К чему памяти хранить этот хаотический хлам черной и желтой красок, белесые вытертости света на черной траве и черных деревьях, которые, как пыль, хотелось стряхнуть со стеблей и листьев. Где потерялась эта вещь, за которой мы каждое лето приезжали в глухом уазике-«буханке» – желтый квадрат окна моей комнаты в нашей части коммунальной цековской дачи? Видел бы Михаил Восленский эту примитивную дачу – он бы сжег рукопись своей «Номенклатуры»…
Если память семьи исчезает вместе с умирающими родственниками, если прекращают свое существование и теряются вещи, если меняются и/или портятся пейзажи, составлявшие фон коллективной памяти рода, что вообще остается тогда? Ощущаешь себя хранителем, единственным и ответственным, осколков памяти, которые уже не склеить. Пытаясь собрать для своей памяти достойный эскорт, я все чаще захожу в букинистические и антикварные магазины. По причине моей геронтофилии маленький сын читает почти исключительно те детские книги, которые листали (или могли листать) мой брат и я. Это попытка продлить память рода в детях. Не только оцифровать память, но и сделать ее общей с собственными детьми.

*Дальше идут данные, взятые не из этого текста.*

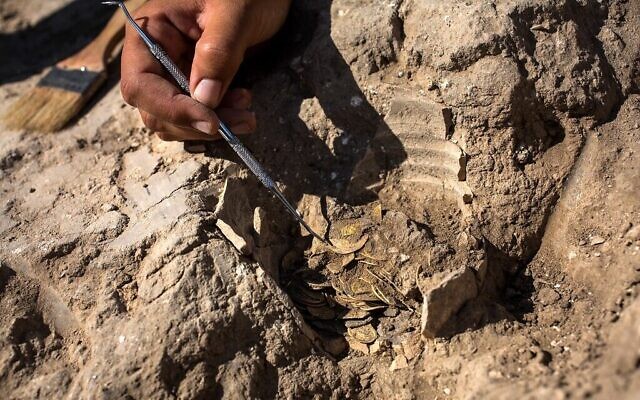 Oz Cohen, 18 ans, brosse soigneusement la terre d'un tas de pièces d'or datant du califat abbasside, lors d'une présentation à la presse des découvertes réalisées sur un site archéologique près de Tel-Aviv dans le centre d'Israël (Crédit : Heidi Levine / POOL / AFP)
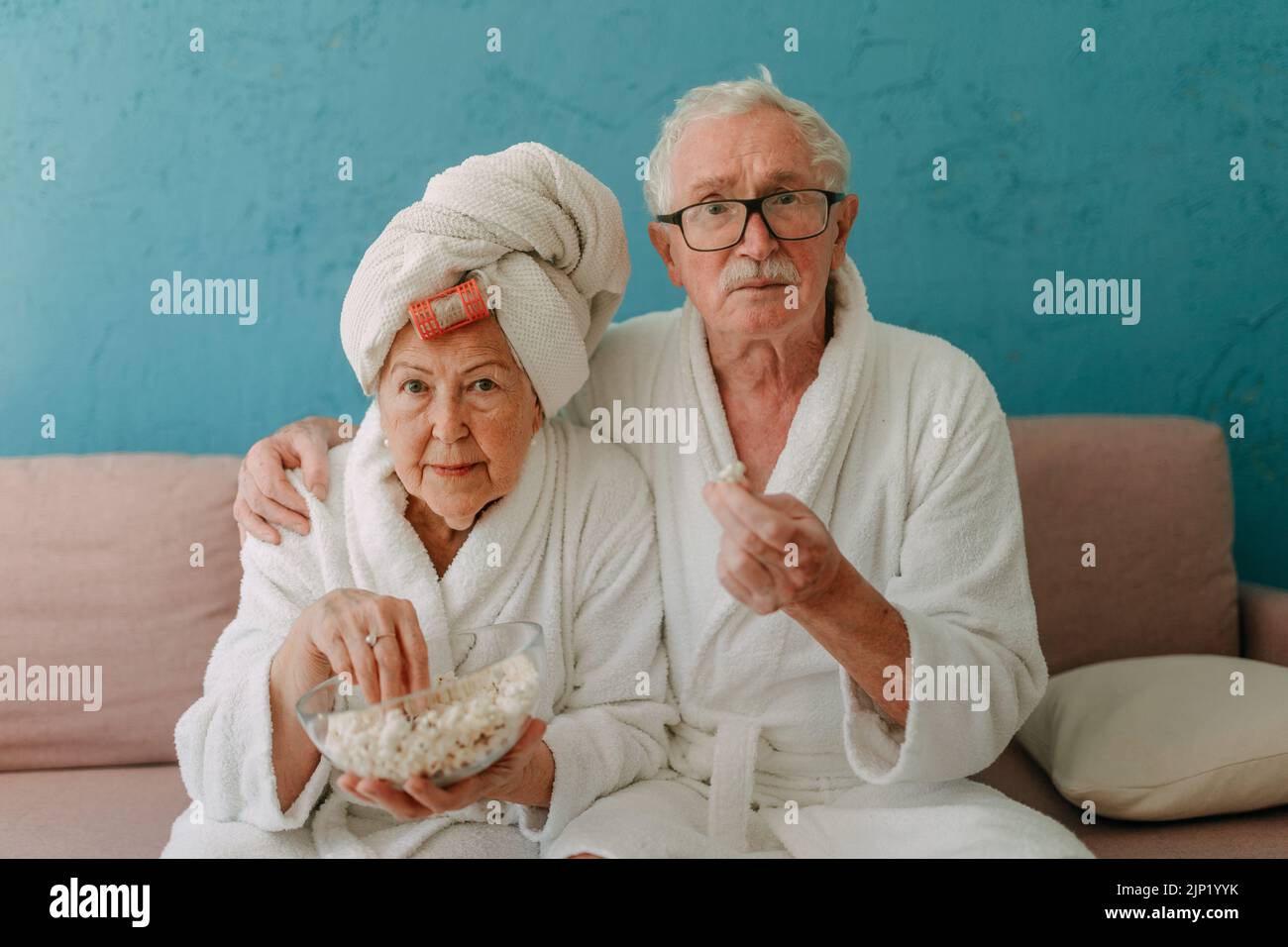 Una feliz pareja mayor sentada en el sofá en los albornoces y viendo la televisión con palomitas de maíz. Foto de stock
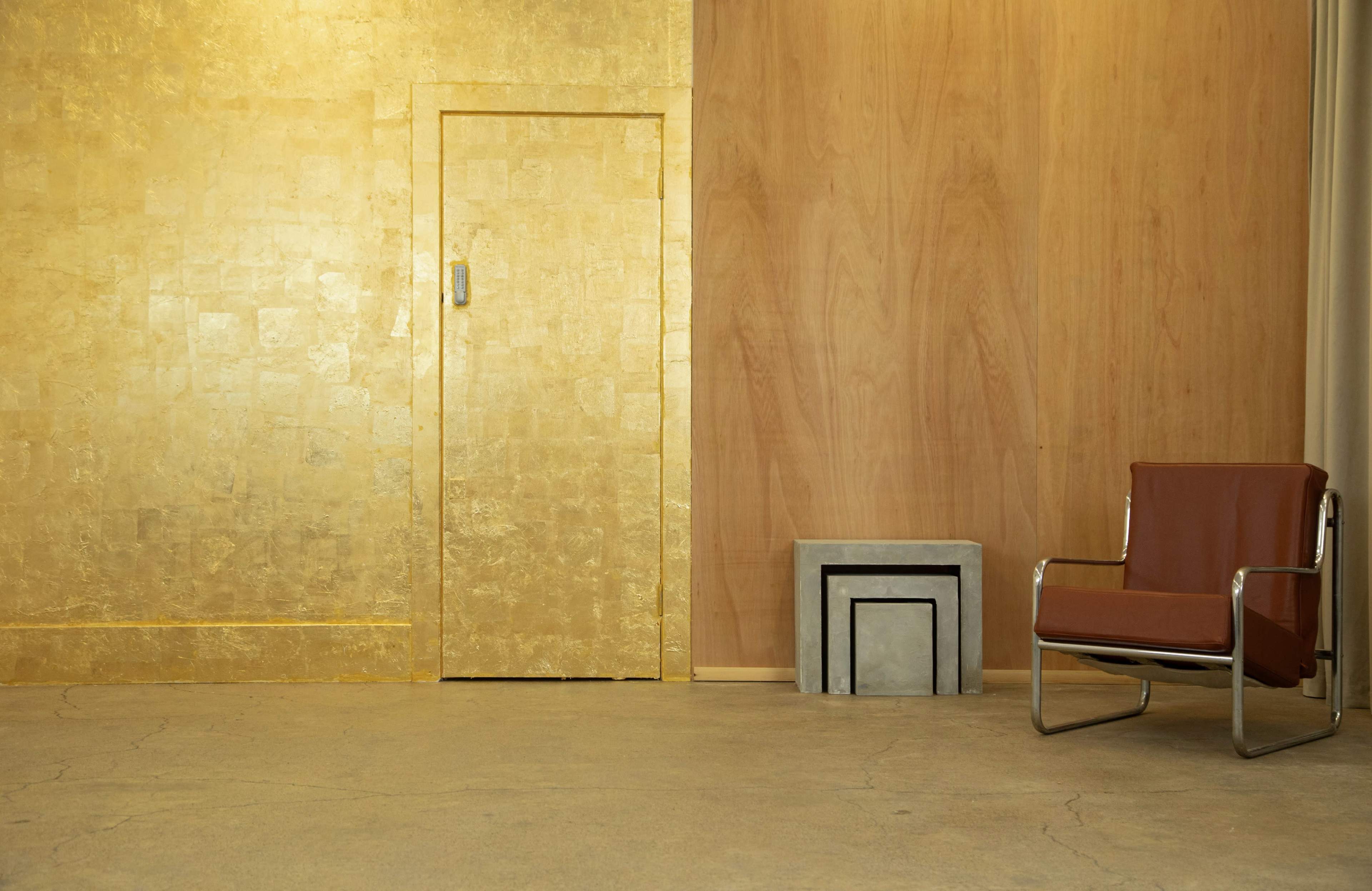 The scene features a minimalist interior with a gold wall, a wooden wall, a brown chair, and a concrete cube.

В одном из своих интервью выдающийся турок, лауреат Нобелевской премии по литературе 2006 года Орхан Памук говорит о виде на Босфор из окна квартиры, где писатель работает: «Он не менялся уже тысячу лет». Неизменность внутреннего времени человека проистекает именно от освещения: наполнение жизни и вида из окна может меняться, но важно, чтобы освещение оставалось прежним. Памук, певец Стамбула, превративший почти все свои главные романы в занимательный беллетризованный путеводитель по городу, предпочитает жить не просто в привычных местах, но непосредственно в квартале Нишанташи, где писатель родился. Ему для творчества необходима привычная, знакомая с детства среда. В своем квартале я живу уже почти 40 лет – с того времени, как мы переехали с Ленинского проспекта. И, переезжая с квартиры на квартиру внутри района, всегда, как улитка, таскал на себе свой персональный дом – семейный архив и родительскую библиотеку. Мне важно видеть из окна Филевский парк и излучину Москвы-реки. Я чувствую себя спокойно, когда смотрю на корешки книг, тянущиеся вдоль стен и до самого потолка, и чувствую запах книжных корешков и страниц, и ощущаю себя дома, в кругу семьи, помня о том, что ящики письменного стола до отказа забиты письмами и фотографиями. Книги сами по себе – хранилища семейной памяти. Для книжного мальчика они – радость узнавания самого себя: картинка, переплет, шероховатости которого помнят пальцы, страницы, из которых (особенно из небогатых изданий 1950-х) выковыривалась древесная шелуха.